One of the great American pastimes is trying to successfully predict probable pitching match-ups. Fans everywhere love to envision themselves as General Managers in training controlling the roster and purse strings of their favorite franchise. Others see themselves more as the field general skipper of the ball club determining who will be in the starting line-up and who will be riding the pine. Everyone seems to believe they could do at least as good as the current manager and depending on the current win-loss record probably a lot better than those whose job it is to lead the team. As for me, I like trying to look ahead to see who we will be playing beyond the current game and how the Diamondbacks match-up against their opponent. It’s a game I play every day as I try to predict game outcome over a road trip or home stand. One of the primary considerations for these predictions is who will be pitching for each team.

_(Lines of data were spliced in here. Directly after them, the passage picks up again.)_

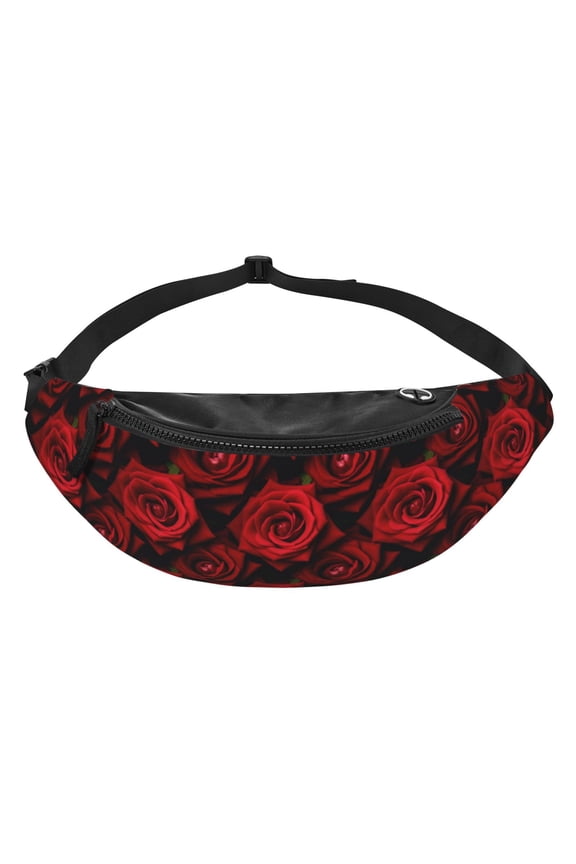 Men Women Red Roses Fanny Pack Crossbody Waist Belt Bag Easy Carry Any Phone Wallet
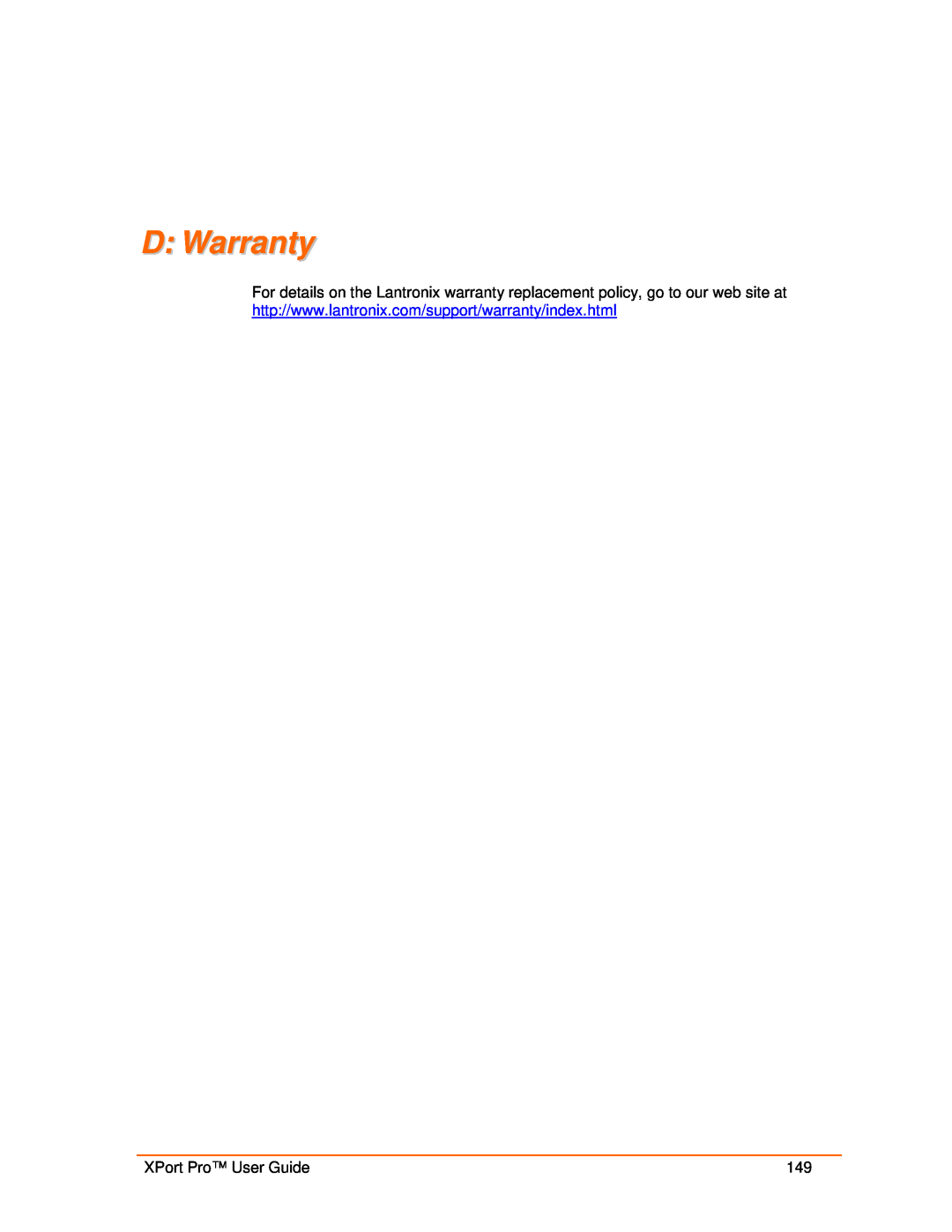 Lantronix 900-560 manual D Warranty, XPort Pro User Guide 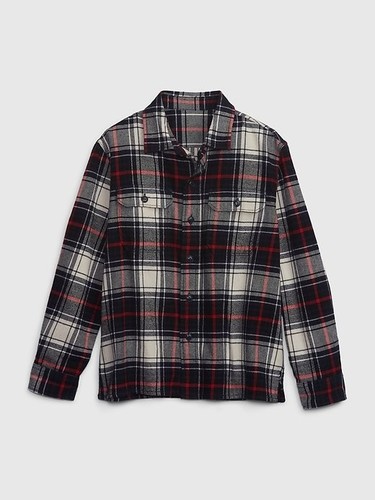 GAP Boy's Organic Cotton Flannel Shirt XXL | Red Navy Plaid NEW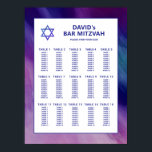 Poster Gráfico de Assentos do Bar Mitzvah da Estrela Azul<br><div class="desc">Belo Bar judeu religioso ou gráfico de assentos de Bat Mitzvah. Design de aquarela moderna, mas elegante, em azul marinho, cor púrpura. White Star de David em letras modernas de guião. "É chamado para o TORAH como um Bar Mitzvah". Prefeito para um filho de 13 anos, rapaz. Fácil de editar...</div>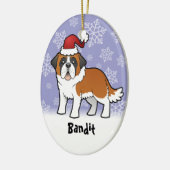 Weihnachten Bernhardiner Keramik Ornament (Links)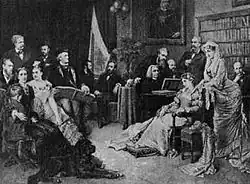 Painting by Georg Papperitz (1846-1918) shows Franz von Lenbach, Siegfried Wagner, Cosima Wagner, Mrs Materna, Richard Wagner, Hermann Levi, Hans Richter, Franz Liszt (at the piano) and others; painting of Ludwig II of Bavaria hanging at the wall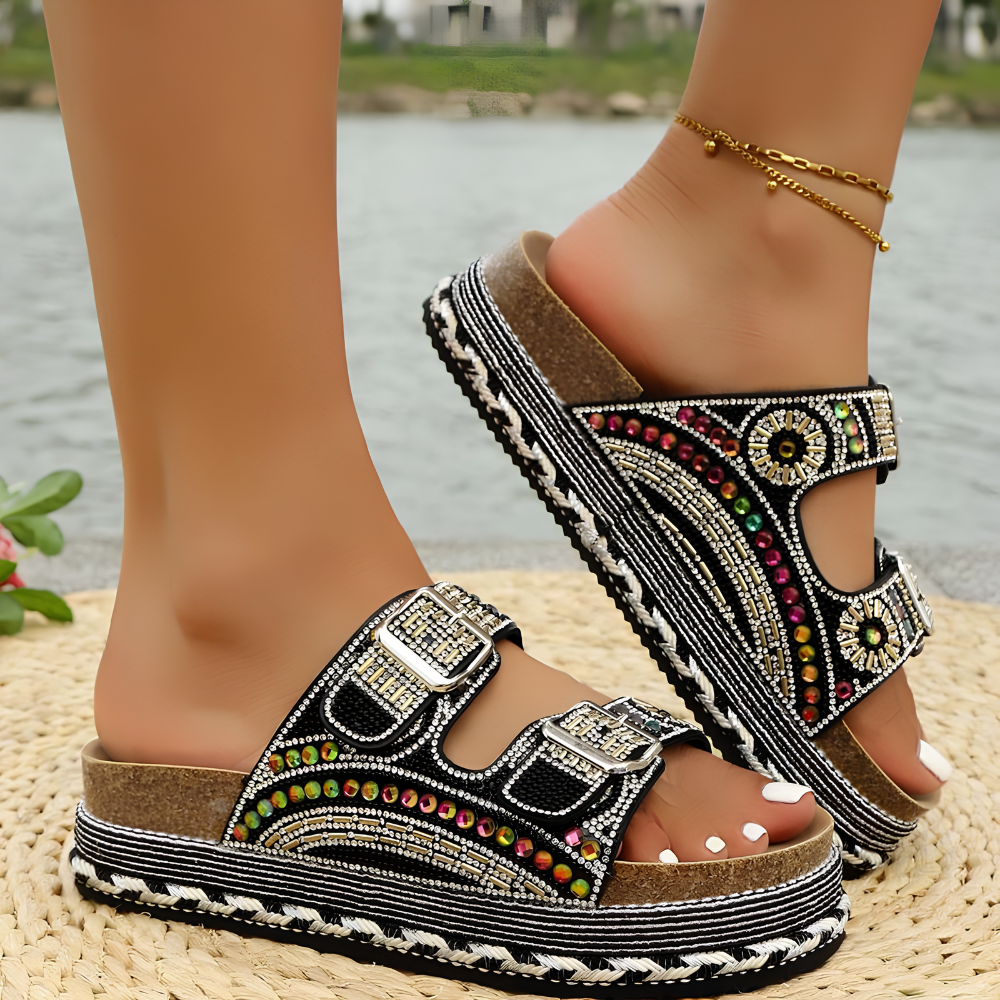 Boho Crystal Cork Slides – Bold. Beaded. Unforgettable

And that is where the problem lies, how exactly do you calculate who will be pitching and when? Logic would suggest that with five starting pitchers they would simply take turns. Coming out of Spring Training the manager would develop the order and once assigned they would just go in order. After all, ever since childhood we have stood in line and come to expect that things would just go in order as we were lined up. In fact if someone got out of line or tried to “cut” in front of us we let them know in no uncertain terms that we did not appreciate them circumventing the process and trying to take their turn out of order. Baseball even has rules to ensure that proper order is followed. Just try to let your hitters bat out of order and see what happens. People from the public address announcer to the umpires to the fans would let you know in no uncertain terms that is not allowed and your team is assessed an out when it happens. So with all the tradition and rules surrounding order, it makes it incomprehensible to me that pitchers do not adhere to a specific order. Instead of an order it is more of a guideline. Take for example the staff ace. In the Diamondbacks case that would be Brandon Webb. Webb likes to pitch every 5 days. This means that regardless of what the order is and whether it is his turn, Brandon takes the mound every 5 days. Likewise Dan Haren too likes to pitch every 5 days and wherever possible he too is allowed to circumvent the order to follow this routine. Randy Johnson during his prime was the same way, always getting the ball every 5 days. Now as he has gotten older and gone through a couple of back surgeries he is given a little more time. But after his latest start on Sunday he expressed a desire to get back in his routine of pitching every 5 days. This leaves Micah Owings and the combo tray of Max Scherzer/Doug Davis. Davis has stated his preference that he too likes to pitch every 5 days. That would all be great except for the fact that the Diamondbacks do not play every day meaning that the days and the pitching schedule kind of gets messed up. With the Diamondbacks off yesterday it would push Webb and Haren up a day to maintain their 5-day preference. That would move Micah, Doug, and Randy around disrupting their routines.

From a fan’s perspective it gets really difficult to follow. You almost need a map and a degree in advanced discrete mathematics to try and figure out when everyone will be pitching and who will be following whom. If your pitching staff is made up of 5 guys who are producing at very high levels it is not as much of an issue as when the pitching staff was Johnson, Shilling and pray for rain. It would still be nice if you could somehow line things up to get the match-ups that give you the best opportunity to win. This week for example the Diamondbacks are on their southeastern swing playing 3 games against the surprising Florida Marlins followed by three against the Atlanta Braves. Micah Owings pitches tonight against the fish but everyone is more interested in knowing when his next start is. Diamondbacks fans everywhere want to make sure he is on the mound at Turner Field during that series. The reason for this stems from the game on August 18, 2007 when Micah Owings single-handedly dismantled the Braves. During that game he pitched 7 strong innings allowing just 3 hits and striking out seven. That was only part of the story. Micah also helped himself by going 4 for 5 at the plate including 2 home runs and 6 runs batted in. That game defined his first year in the big leagues and everyone wants to see if it was a fluke or if he is just that dominating in Georgia. So pulling out the crystal ball, checking the star charts, running through several calculations using computers, calculators, and a really old slide rule; it is my best guess that Micah Owings should be pitching on Sunday for the third game against the Atlanta Braves. This of course is subject to change depending on the weather, the barometric pressure, and the whims of manager Bob Melvin. I’m pretty confident that I kind of think it might happen, maybe. No matter what day Micah’s pitching, I plan on watching. In that last statement I have high confidence in the probability.